22 June 2022

As part of the webinar series on ECCE and Privatisation, OMEP- RTE organised a seminar on 31 May 2022 in partnership with the UNESCO GEM Report on the theme ’Understanding the role and influence of Non–State Actors in early childhood care and education'. 

The seminar began with the introductory remarks of Mercedes Mayol Lassalle, OMEP’s World President. Mercedes briefed the background to the webinar series and set the context of the seminar.  Highlighting the tremendous growth in the private sector in ECCE and its challenges, she emphasised the need for understanding the role of non-state actors in ECCE and the potential impact on equal access. 

The main speaker of the seminar, Anna Cristina D’Addio, Senior Policy Analyst from UNESCO Global Education Monitoring Report, presented the major findings and recommendations of the 2021/22 GEM Report.  Some of the key findings which Anna emphasised in the report include:

  • Non-state actors lead care and education services for children under age three. Non-state provision is increasing in pre-primary education, up from 28.5% in 2000 to 37% in 2019. In Oceania, some countries have close to 100% of preschool students enrolled in non-state institutions. 

  • Rural and poorer children have much lower rates of access to non-state provision as non-state actors address demands in urban areas.
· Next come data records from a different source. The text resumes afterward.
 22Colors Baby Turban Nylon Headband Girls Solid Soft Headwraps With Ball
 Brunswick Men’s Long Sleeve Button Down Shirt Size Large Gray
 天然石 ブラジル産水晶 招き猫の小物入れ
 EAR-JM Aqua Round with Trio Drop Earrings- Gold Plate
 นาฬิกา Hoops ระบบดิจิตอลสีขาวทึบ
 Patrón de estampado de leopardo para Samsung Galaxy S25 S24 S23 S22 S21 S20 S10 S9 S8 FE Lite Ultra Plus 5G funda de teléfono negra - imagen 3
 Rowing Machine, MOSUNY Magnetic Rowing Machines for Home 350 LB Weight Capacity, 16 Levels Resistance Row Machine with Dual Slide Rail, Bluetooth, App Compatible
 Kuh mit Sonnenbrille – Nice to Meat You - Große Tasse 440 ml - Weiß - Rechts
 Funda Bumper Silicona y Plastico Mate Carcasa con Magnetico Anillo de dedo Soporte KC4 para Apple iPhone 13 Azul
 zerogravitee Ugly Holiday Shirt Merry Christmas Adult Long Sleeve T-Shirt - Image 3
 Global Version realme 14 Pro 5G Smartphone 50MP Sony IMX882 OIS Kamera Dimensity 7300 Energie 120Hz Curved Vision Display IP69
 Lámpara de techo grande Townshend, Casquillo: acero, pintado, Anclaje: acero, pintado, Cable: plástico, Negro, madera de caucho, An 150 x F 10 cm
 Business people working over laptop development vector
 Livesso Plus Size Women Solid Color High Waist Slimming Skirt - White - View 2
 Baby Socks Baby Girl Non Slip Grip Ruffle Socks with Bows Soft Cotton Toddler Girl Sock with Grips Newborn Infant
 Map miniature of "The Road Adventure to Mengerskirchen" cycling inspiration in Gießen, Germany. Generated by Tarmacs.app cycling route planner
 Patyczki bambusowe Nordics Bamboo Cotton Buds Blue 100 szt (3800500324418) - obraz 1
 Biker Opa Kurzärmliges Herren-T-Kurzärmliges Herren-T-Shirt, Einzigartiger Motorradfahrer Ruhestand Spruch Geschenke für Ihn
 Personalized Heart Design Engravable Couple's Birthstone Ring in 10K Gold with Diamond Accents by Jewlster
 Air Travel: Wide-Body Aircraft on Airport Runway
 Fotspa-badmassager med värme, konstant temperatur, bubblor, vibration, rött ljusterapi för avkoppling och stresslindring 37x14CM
On the other hand, in certain urban areas only non-state ECCE provisions are available, which are not accessible to poorer urban children  as the cost is too high.

  • Women often pay the price for weak public provision of ECCE. For example in Europe, women pay more than three times more for unpaid care work than men. 

  • Regulation has a weak focus on quality and equity. 

Anna’s recommendations included designing laws, policies, and programmes with an equity and inclusion perspective, and maintaining the transparency and integrity of the public education policy process to block vested interests. 

Aleksandra Jovic, Early Childhood Development Specialist in UNICEF Europe and Central Asia Regional Office, who responded and reflected on the GEM report, emphasised strongly the need for a regulatory mechanism. 

Finally, RTE’s Director Delphine Dorsi provided the concluding remarks, and stressed the importance of this topic in view of achieving SDG4. Delphine further highlighted some of the key issues like the high cost of non-state provision and burden on the women and emphasised the need for strengthening the public provision with adequate financing and a strong legal framework that upholds accountability of the State.